Associate ProfessorKotaro Tadano
Advanced Mechanical Systems Division, Precision and Intelligence Laboratory
"Move your head. The endoscopic image moves with it."
Following Associate Professor Tadano's instructions, I put the head-mounted display on and turned my head from side to side and then up and down. The endoscopic image on the display in front of me moved along with it. Moreover, the image responded to even the smallest movements of my head. The image was as clear as if I were looking at the area with my own eyes. The robot arm is synchronized with an angular velocity sensor that detects head movement and moves the endoscope.
This was developed as part of the "Minimally invasive surgical assist robot system based on ultraprecise control technology for gases," a project Tadano and his group have been working on under the Program for Creating Startups from Advanced Research and Technology (START Program) of the Ministry of Education, Culture, Sports, Science and Technology. Recent years have seen a growth in the popularity of laparoscopic surgery, in which an endoscope and small-diameter instruments are inserted through small ports to reduce patient burden. Some hospitals are now also introducing surgical assist robots. The da Vinci Surgical System, one of the first such robots in the field, is a typical example.
Tadano's surgical assist robot uses pneumatic actuators instead of the electric motors employed in the da Vinci system. It features pneumatic actuators for a manipulator connected to the forceps, and an endoscope control system that remotely controls them. This allows precise positioning and a softer touch that reduces the risk of damage to organs during surgical procedures. In addition to these advantages, the reduced weight of the system makes set-up easier. The most important feature is feedback of the contact force to the operator through a pneumatic cylinder connected to the forceps. This enables delicate and precise control of the contact force for enhanced performance in more complicated surgical operations. The robot is expected to rival the more expensive da Vinci Surgical System.
"The advantage of a motor-driven device is that it can easily achieve a certain level of positioning accuracy through gear-controlled speed reduction, but the contact force tends to be greater. On the other hand, a pneumatic device can control contact force because it can soften motion by detecting external force. Since the robot is designed for surgery, the capability to absorb contact force is the greatest advantage of a pneumatic system."
In the project, Tadano's group has started to work on separate commercialization of the endoscope control system. In November 2012, they registered the system as a General Medical Device (Class I) and have conducted tests at clinical sites in collaboration with the university hospital. Preparation for the start of domestic sales in 2015 has been advancing step by step, with future plans to enter overseas markets. Commercialization of the forceps manipulator is expected in three to four years. For this, Tadano established a company named RIVERFIELD, Inc. in May 2014 with his former academic supervisor Kenji Kawashima, who still teaches at the Institute as a visiting professor and is also a professor at the Institute of Biomaterials and Bioengineering of Tokyo Medical and Dental University. Kawashima serves as president of RIVERFIELD. The company name combines "River", the English translation of the first part of Kawashima's name, and "Field", the English translation of the last part of Tadano's name.
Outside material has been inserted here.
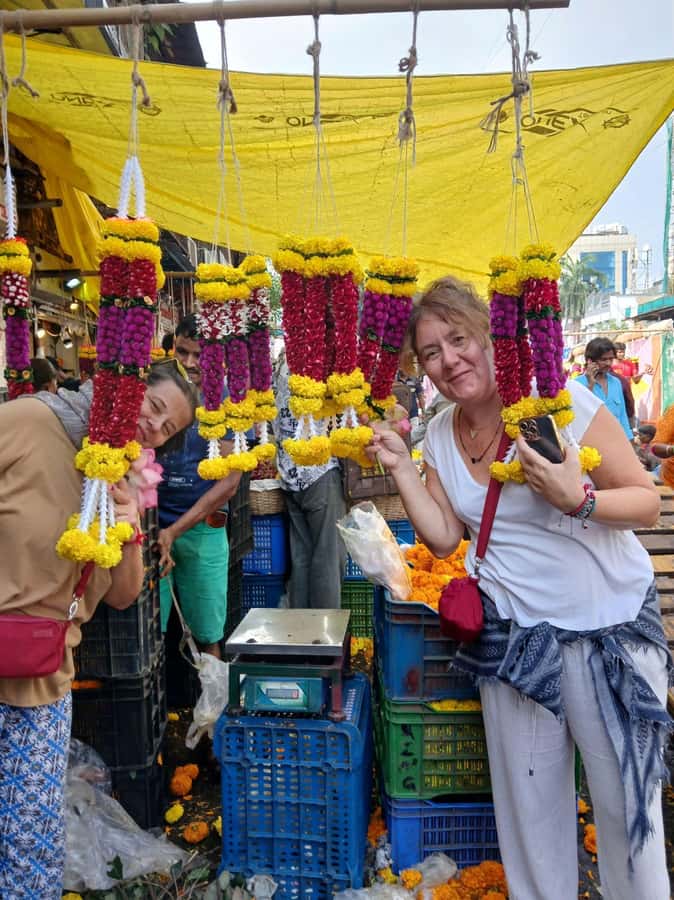 Mumbai:Dhobi Ghat Laundry,Dharavi Slum & Flower market Tour - The Flower Market stop: color, scent, and morning trade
Interested in the world of space engineering, Tadano entered Tokyo Tech after graduating from high school in Hokkaido. He changed his area of concentration from physics to mechanical engineering (Department of Mechano-Micro Engineering, Interdisciplinary Graduate School of Science and Engineering) for the master's degree program, and was thinking of focusing on remote-controlled robotics for construction machinery. At that time, the da Vinci Surgical System had just come into the spotlight and the new trend of collaboration between medicine and engineering was starting to attract attention. Kawashima asked Tadano if he would be interested in working on surgical assist robot systems together. Tadano sensed that this was a new frontier and immediately accepted his offer.
"Just at that time, in fact, Professor Kawashima had been engaged in the development of remote-controlled robots for construction machinery, but was searching for new areas to pursue. Although the da Vinci Surgical System had already been in practical use, I think he saw something because research on surgical assist robotics has a lot in common with his work on remote control systems. It was against this background that he put me in charge of the new research."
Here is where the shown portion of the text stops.